When, in the euphoria following the decision of the French government to rescind its ban on Britain’s entry into the Common Market, it was announced that an exhibition of British art was to be held in Paris, this may have seemed exactly the right occasion on which to follow up some of the hints suggested in Rosenblum’s essay and in much other scholarly writing of recent years. Where better than in Paris to see, side by side, Thomas Jones and Valenciennes; Lawrence and Gérard; Flaxman and Ingres; Constable, Georges Michel, and Théodore Rousseau; Bonington, Etty, and Delacroix; Landseer and Courbet; Burne-Jones and Gustave Moreau; and—of course—Turner and Monet? The fascination, as well as the real value, of exhibitions of this kind was demonstrated at the Tate Gallery last year when, under the title “Shock of Recognition,” the works of many British landscape artists were indeed shown in the same rooms as the Dutch Old Masters which had inspired them. A well-organized Anglo-French exhibition on similar lines looked to be even more interesting because of the much wider range of subject matter involved.
In fact, however, we have recently been seeing in Paris a display of British art covering much the same ground (and with almost exactly the same title) as the Detroit-Philadelphia show of 1968, and American visitors to that exhibition need not feel that they have missed anything very new by not coming to the Petit Palais this spring.
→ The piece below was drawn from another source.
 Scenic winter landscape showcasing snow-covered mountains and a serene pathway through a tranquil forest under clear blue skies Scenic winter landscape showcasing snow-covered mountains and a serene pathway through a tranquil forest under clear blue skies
It is true that the useful catalogue was constantly drawing attention to interesting parallels between English and French painting, and that the energetic visitor could, so to speak, arrange the ideal “exposition imaginaire” for himself by hurrying from the Petit Palais to the many museums which contain the pertinent French pictures. The new subterranean rooms in the Musée Marmottan, which now houses a marvelous group of Monets, were particularly inviting from this point of view, and a visit there could not fail to stir up old controversies. For though it is obvious that the main impact of Turner was not felt by Monet until comparatively late in his career, nevertheless one or two pictures painted in the 1870s strongly suggest that he was indeed impressed by the English artist when staying in London during the Franco-Prussian War, different though their conceptions of painting were in almost every respect.
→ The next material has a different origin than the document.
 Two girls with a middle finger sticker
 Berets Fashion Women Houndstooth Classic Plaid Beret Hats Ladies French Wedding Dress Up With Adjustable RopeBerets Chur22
Less exhausting was a visit to those other rooms in the Petit Palais in which could be seen the impressive, but very idiosyncratic, permanent collections of the museum. But the experience was not only somewhat disappointing but also actively misleading in the impression it conveyed, for—with only a very few exceptions such French nineteenth-century pictures there as bear any serious relationship to English art of the period are of generally low quality. It is regrettable that more advantage was not taken of the Parisian setting for one of the most spectacular exhibitions of English paintings, drawings, and water colors that have ever been assembled.
For if one opportunity was missed, another was certainly taken. In the soberly hung galleries themselves the splendor of what was actually on view silenced criticism: seldom, since the war, has any country sent abroad such a high proportion of the central masterpieces of its artistic heritage. Walking from room to room was like turning over the plates of a standard textbook and finding instead the famous originals in all their glory: Stubb’s Lion Attacking a Horse, Wright of Derby’s Iron Forge, Fuseli’s Nightmare, Lawrence’s Pope Pius VII, Constable’s Haywain, Turner’s Rain, Steam and Speed, Millais’s Autumn Leaves; Holman Hunt’s The Awakening Conscience—all these anthology pieces, surrounded by almost equally famous works by Samuel Palmer, Blake, the water colorists, and others, made it clear that the extremely gifted organizers of the exhibition must have been given an almost free hand in choosing what to display. Only the inclusion of the word “Romantic” in the title made it necessary to select pictures by Reynolds and Gainsborough which did not always show them at best advantage.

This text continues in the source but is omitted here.